## Task details
Could you reproduce all the entries under this sentence exactly, leaving the images aside?

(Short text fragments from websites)

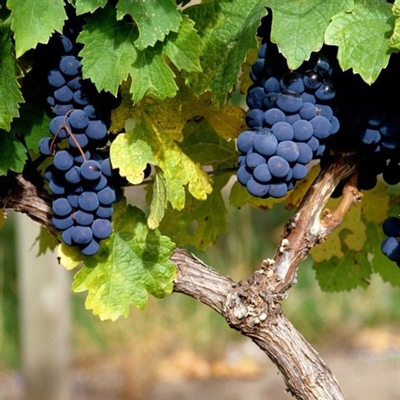 Yoga in the Vineyard at Tinhorn Creek Winery | iNFOnews.ca Yoga in the Vineyard at Tinhorn Creek Winery
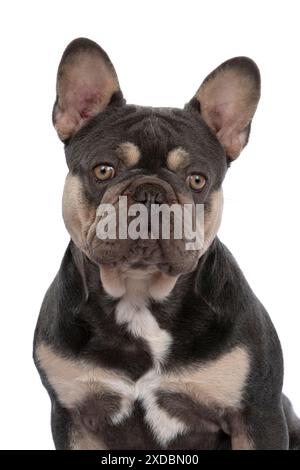 HUND. Französische Bulldogge, sitzendes Porträt, Studio Stockfoto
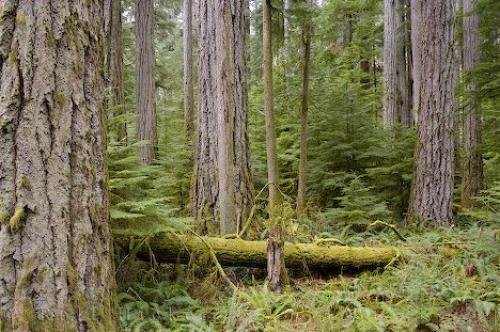 Photo: 
Vancouver Island Forest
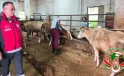 Giresun’da Şap Aşılama Çalışmaları Devam Ediyor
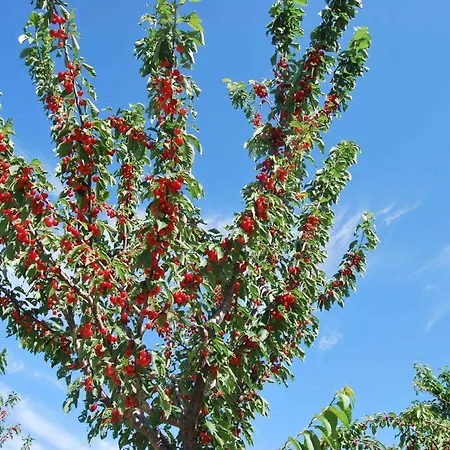 Cadabò Alloggio per agriturismo Montecarotto
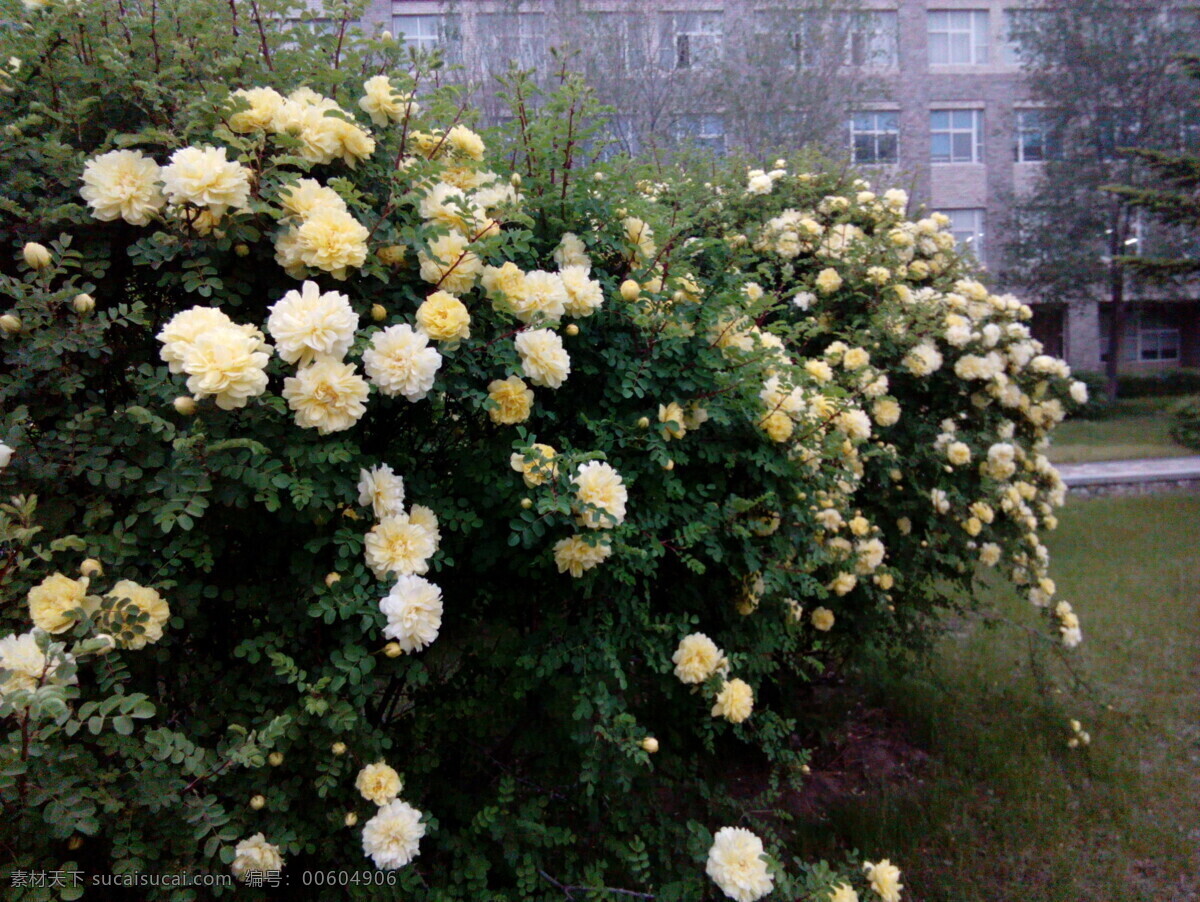 薔薇花 黃薔薇 遼寧大學(xué) 蒲河 校園風(fēng)景 薔薇 生物世界 花草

## Written solution
 Yoga in the Vineyard at Tinhorn Creek Winery | iNFOnews.ca Yoga in the Vineyard at Tinhorn Creek Winery
 HUND. Französische Bulldogge, sitzendes Porträt, Studio Stockfoto
 Photo: 
Vancouver Island Forest
 Giresun’da Şap Aşılama Çalışmaları Devam Ediyor
 Cadabò Alloggio per agriturismo Montecarotto
 薔薇花 黃薔薇 遼寧大學(xué) 蒲河 校園風(fēng)景 薔薇 生物世界 花草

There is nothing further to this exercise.